Historical monument in Jaipur
Opening hours: 9:00am-5:30pm
Address: Hawa Mahal Rd, Badi Choupad, J.D.A. Market, Pink City, Jaipur, Rajasthan
Ticket price: Indian/foreigner including camera ₹50/200, guide ₹200, audio guide ₹177
Visit duration: People typically spend up to 1.5 hours here
A visit to Jaipur is incomplete without touring the exquisite example of Rajput-Mughal architectural excellence: the Hawa Mahal.
It is one of the most distinguished landmarks in Jaipur. Built with red and pink sandstone, the palace beautifully complements the other name of Jaipur - the Pink City. The interiors are made with white marble making it a striking contrast to the rosy exterior.
Hawa Mahal which translates to Palace of Winds or Wind Palace got its unique name from the tiny, 953 windows that were built in the structure to help passing of the wind. Being one of India’s hottest city, the palace was built as a summer resort for its royalty and the architects tried their best to make it pleasant.
Hawa Mahal was built by Maharaja Sawai Pratap Singh, the grandson of Jaipur's founder Maharaja Sawai Jai Singh. It was completed in 1799.
A devotee of Lord Krishna, Maharaja wanted the shape of the monument to resemble Krishna's crown. That is what gave birth to the pyramidal shape of the 50-feet high Hawa Mahal.
The primary reason why the mahal was designed with so many small windows was to allow Rajpur ladies belonging to the royal family to get a glimpse of everyday life and festivities on the street. Since Rajput women were not allowed to appear in public without covering their faces, the windows of Hawa Mahal were their only way of connecting with everyday life.

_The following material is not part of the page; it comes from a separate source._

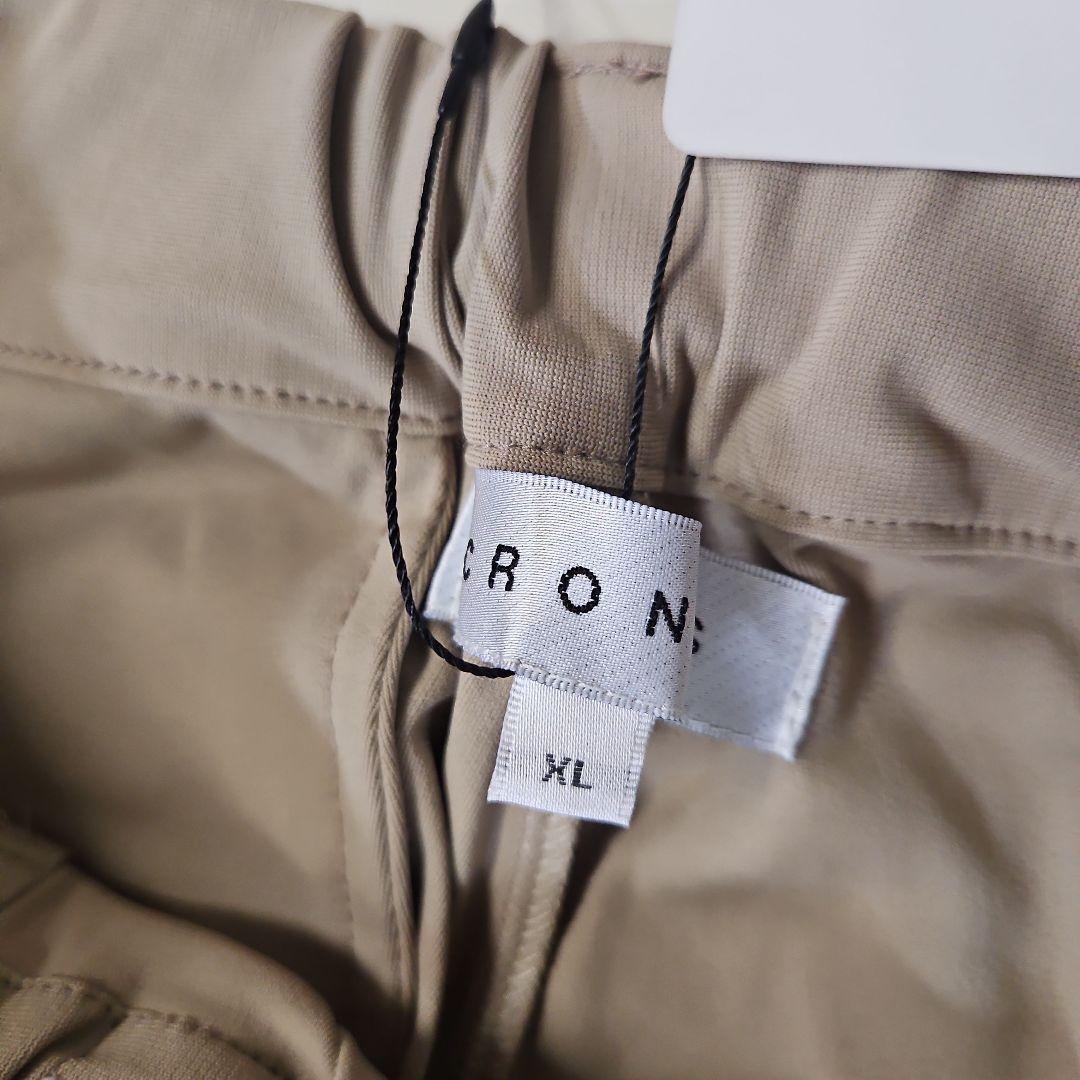 CRONOS ベージュ スリムフィットスーツとマスク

The structure of the Hawa Mahal allows air to cool down as it blows into the palace. So, the building was also erected to offer a breezy area for the royal family during the summer months when temperatures were often very high.
Hawa Mahal stands as an example of a masterpiece when the Hindu Rajput style of architecture blends with the Islamic Mughal style. The fluted pillars, and floral patterns including lotus and domed canopies showcase the Rajput style of architecture. The Islamic style of architecture stands out in forms of intricate filigree work in stones and arches that resemble the ones at Panch Mahal at Fatehpur Sikri.
The front of the Hawa Mahal looks so beautiful from the outside that visitors often mistake it for the entrance. Quite interestingly, the Hawa Mahal does not have a front entrance and has to be entered from the side.
The monument does not have a foundation. In fact, it holds a record of being the tallest building in the world that has been constructed without a foundation. The curved shape of the monument has let it stand upright centuries after centuries.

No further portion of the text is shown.